Coordination scientifique :
Pascal Ughetto, professeur de sociologie à l’Université Gustave Eiffel, chercheur au Laboratoire techniques, territoires et sociétés (LATTS)
Coordination éditoriale :
Marie Benedetto-Meyer, maitresse de conférence à l’Université de technologie de Troyes, chercheure associée au laboratoire Printemps
Nathalie Hugot, consultante à l’Association pour l’emploi des cadres (APEC), chercheure associée au Centre Maurice Halbwachs (CMH)
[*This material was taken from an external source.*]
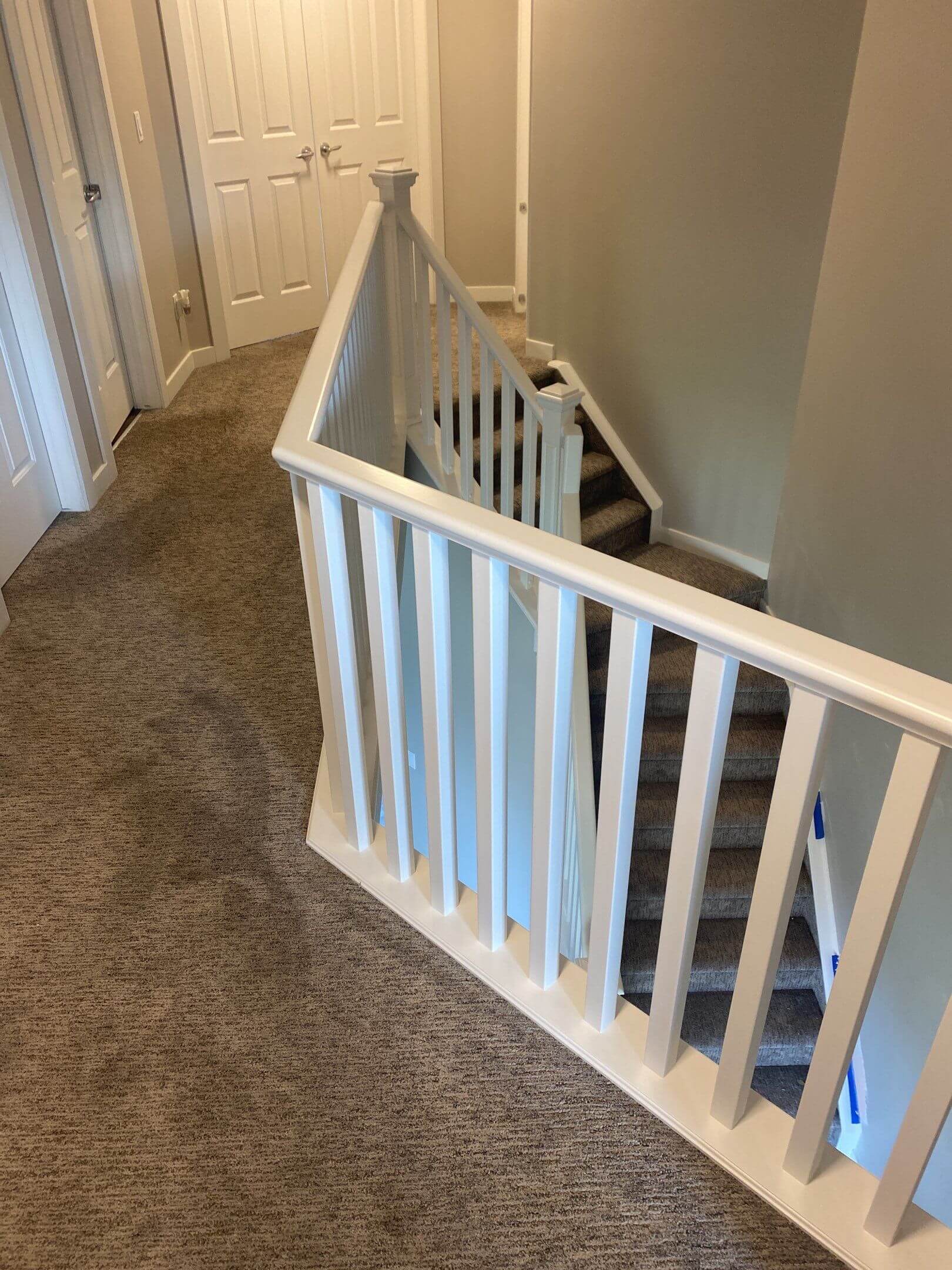 Modern white painted banister and upstairs trim Okotoks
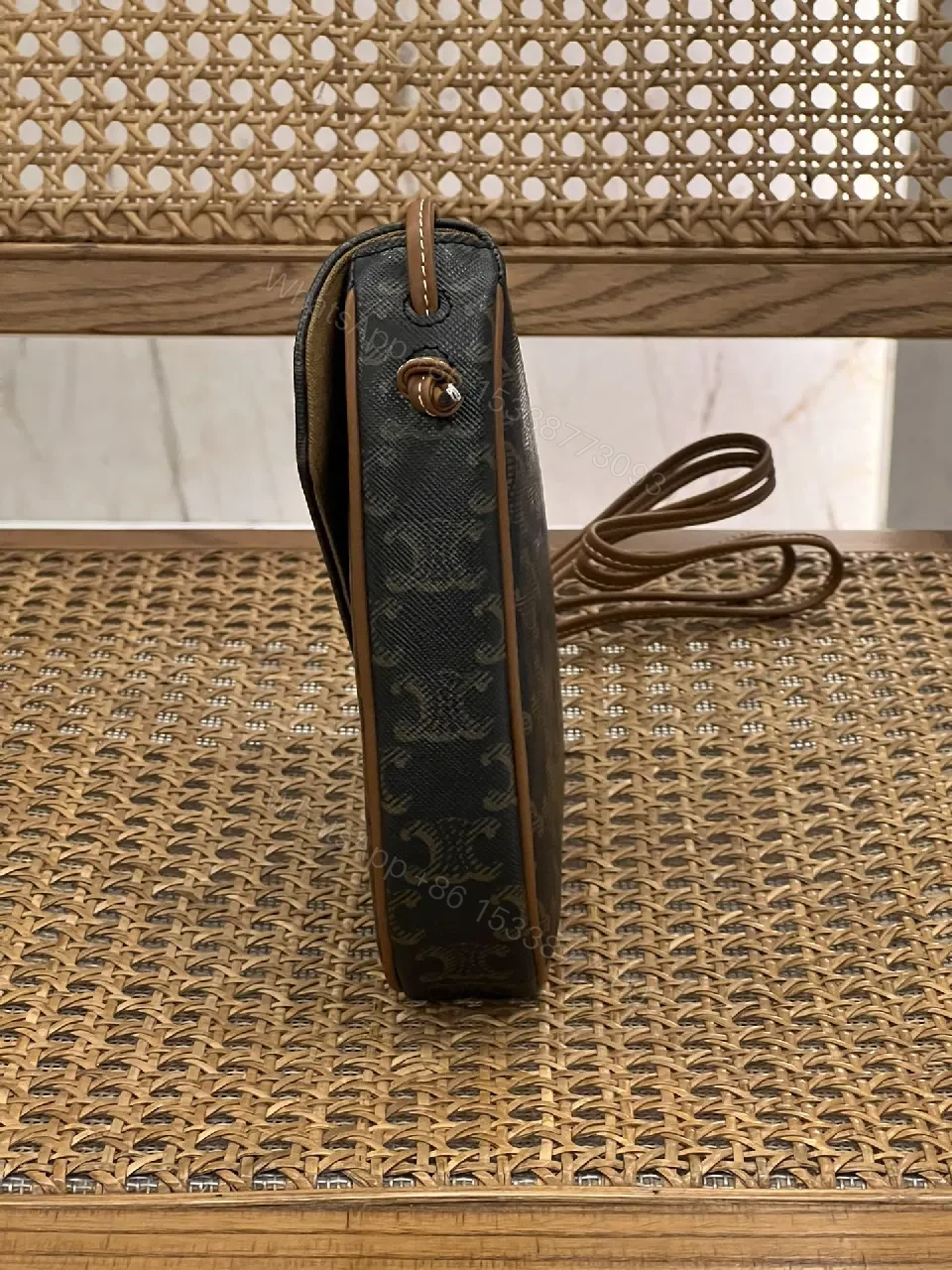 View 6 of Chic Black Monogram Cocoon Bag: Compact Luxury Crossbody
Alors que l’effectif de l’encadrement intermédiaire ne cesse d’augmenter depuis quarante ans, que savons-nous réellement de celles et ceux que l’on dénomme les « managers de proximité » ? Comment leur fonction évolue-t-elle dans un contexte de mutation du monde du travail et des organisations et de promesses récurrentes de raccourcissement des lignes hiérarchiques ? Comment recomposer une activité dont la contribution est régulièrement remise en question ? Par quels moyens et avec quelle légitimité exercent-ils aujourd’hui leur activité ? Telles sont les interrogations à l’origine de ce numéro. Pour ne pas s’en tenir à constater le rôle difficile que ces managers exercent (au contact régulier et direct avec les exécutants, et sommés de mettre en place la stratégie de l’entreprise), et pour aller au-delà de l’hétérogénéité des statuts, d’intitulés de postes, et de trajectoires de ces managers, le numéro privilégie une entrée par l’activité de ces managers. Les neuf contributions à ce numéro (sept articles et deux entretiens) permettent de mieux comprendre leur travail en train de se faire et saisir ce que recouvre aujourd’hui cette activité en pratique, à partir d’enquêtes empiriques réalisées auprès d’acteurs de terrain, afin de mettre en relief la capacité des managers, même sous contraintes, à réguler, articuler, construire et donner du sens à l’activité et à réaliser, en somme, un « travail d’organisation ».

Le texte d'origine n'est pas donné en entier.